> _Supplied material_:
◆ ◆ ◆ ◆

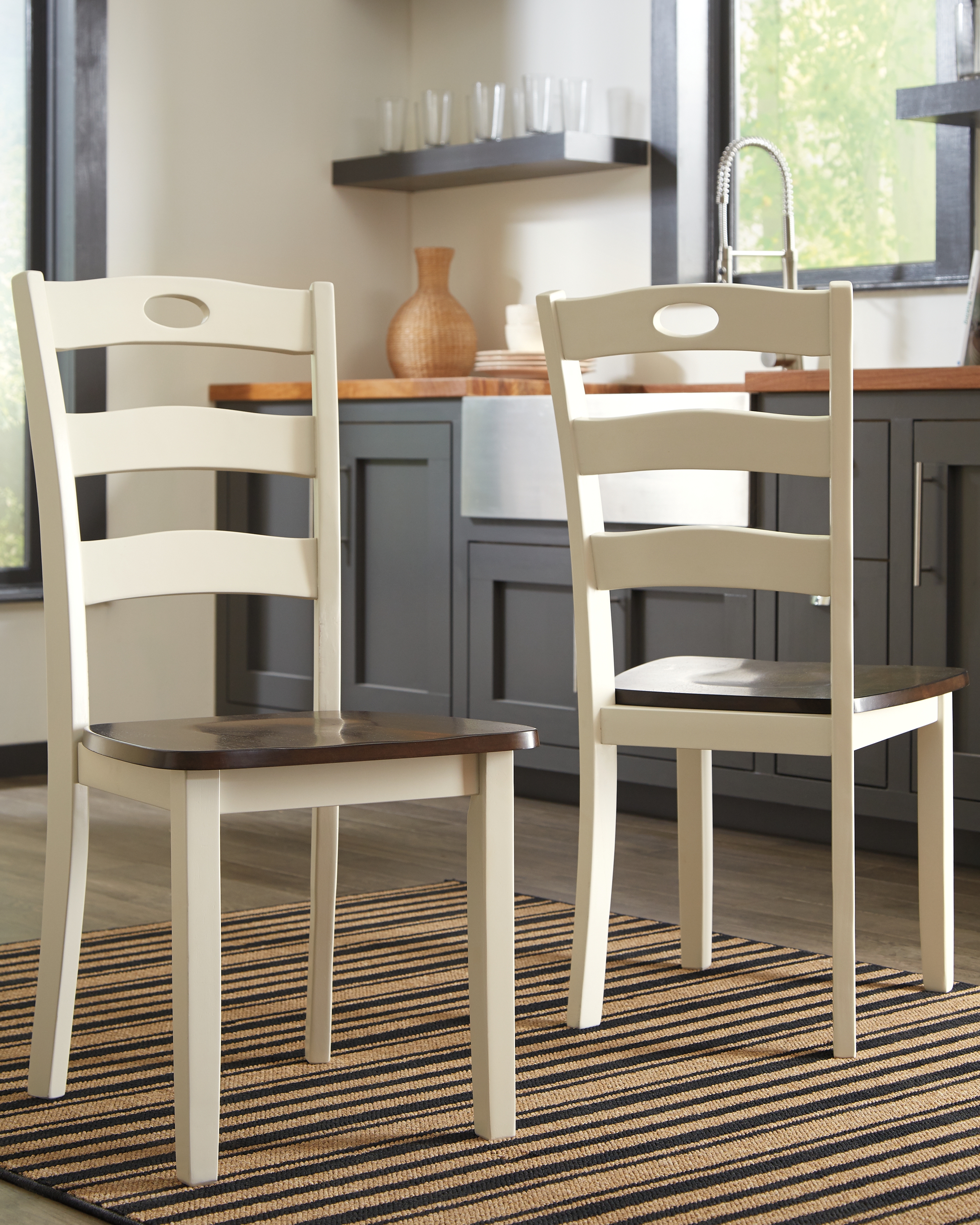 Woodanville Dining Chair (Set of 2) product image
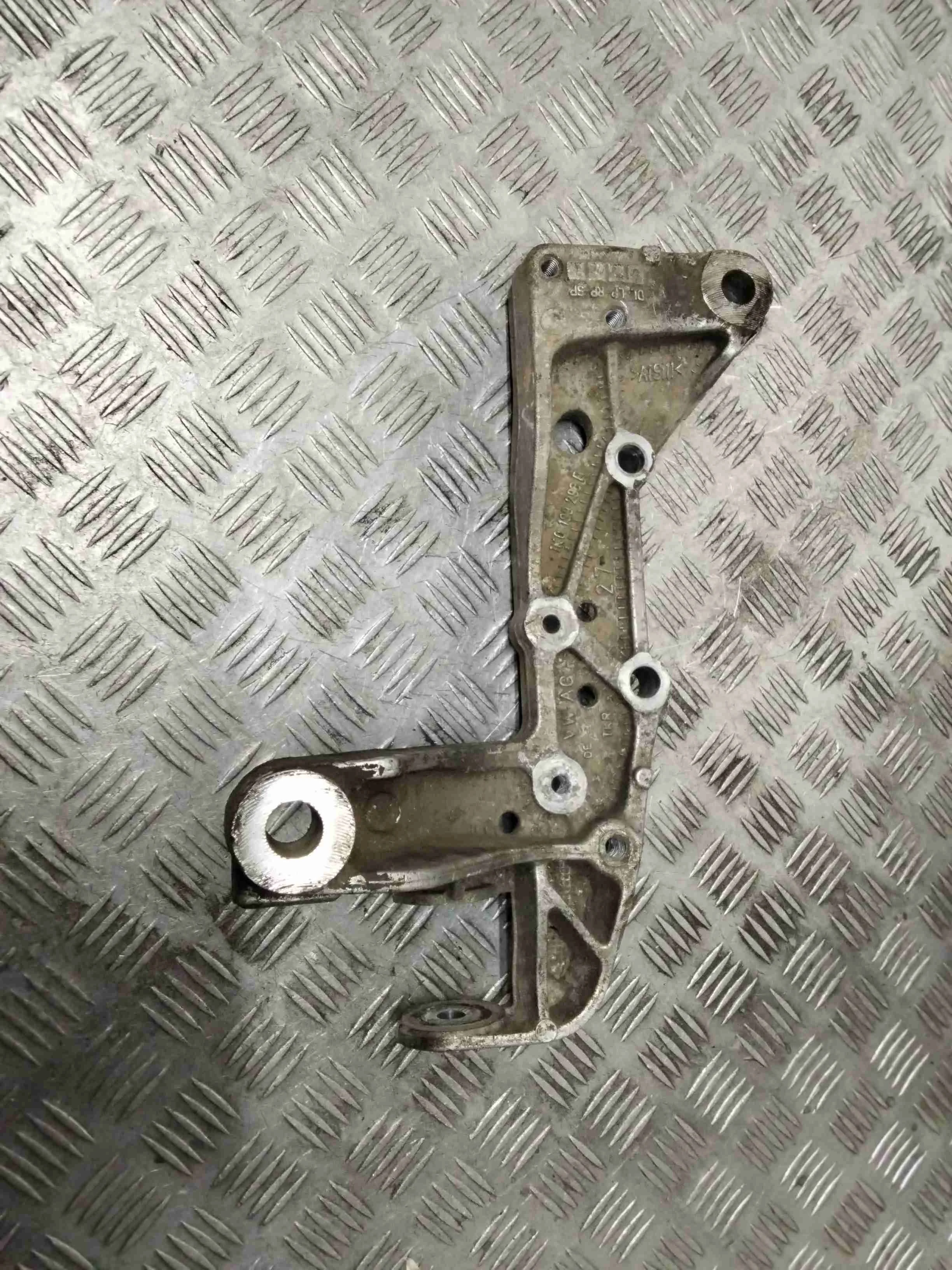 Кронштейн крепления рычага передней подвески Volkswagen Golf Golf V (1K) 2004-2009 2005 1,6 i Бензин АКПП Хэтчбек.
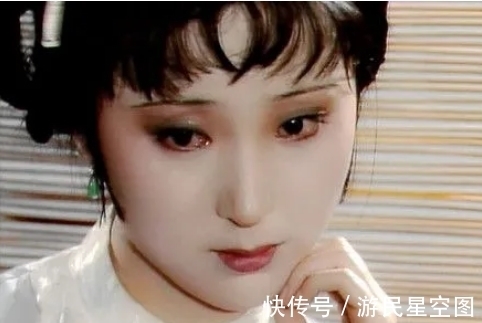 一个谎!林黛玉初来贾府便撒了一个谎,这也注定她永远无法嫁给贾宝玉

◆ ◆ ◆ ◆

Would you output, word for word, only the lines running from the line with "Кронштейн крепления рычага" to the end of the listing above, both ends included, with no pictures?

> _Solution for this problem_:
 Кронштейн крепления рычага передней подвески Volkswagen Golf Golf V (1K) 2004-2009 2005 1,6 i Бензин АКПП Хэтчбек.
 一个谎!林黛玉初来贾府便撒了一个谎,这也注定她永远无法嫁给贾宝玉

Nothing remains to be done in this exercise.